══ Given information ══
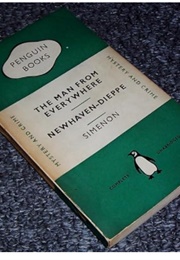The Man From Everywhere and Newhaven (Georges Simenon)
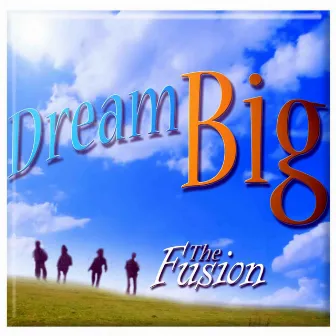 Dream Big by The Fusion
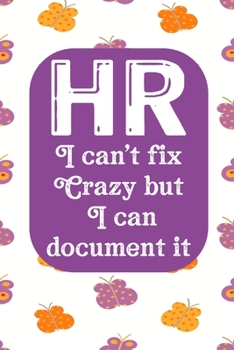 HR I Can't Fix Crazy But I Can Document It: Human Resources Inspirational Quotes Journal & Notebook Appreciation Gift For Journaling, Note Taking And Jotting Down Ideas
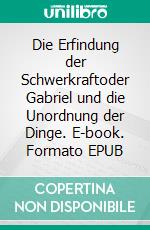 Die Erfindung der Schwerkraftoder Gabriel und die Unordnung der Dinge. E-book. Formato EPUB ebook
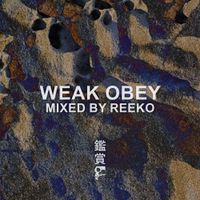 Reeko - Kanshō: Weak Obey by Reeko (DJ Mix)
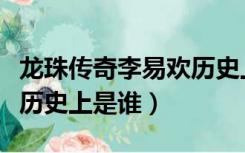 龙珠传奇李易欢历史上是谁（龙珠传奇李易欢历史上是谁）
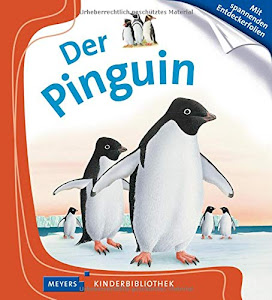 Der Pinguin: Meyers Kinderbibliothek
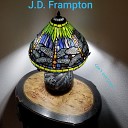 JD Frampton - Can t Get Loose Single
═══
Task prompt: If the material above contains pictures, exclude them from an otherwise exact transcription.

Response box:
The Man From Everywhere and Newhaven (Georges Simenon)
 Dream Big by The Fusion
 HR I Can't Fix Crazy But I Can Document It: Human Resources Inspirational Quotes Journal & Notebook Appreciation Gift For Journaling, Note Taking And Jotting Down Ideas
 Die Erfindung der Schwerkraftoder Gabriel und die Unordnung der Dinge. E-book. Formato EPUB ebook
 Reeko - Kanshō: Weak Obey by Reeko (DJ Mix)
 龙珠传奇李易欢历史上是谁（龙珠传奇李易欢历史上是谁）
 Der Pinguin: Meyers Kinderbibliothek
 JD Frampton - Can t Get Loose Single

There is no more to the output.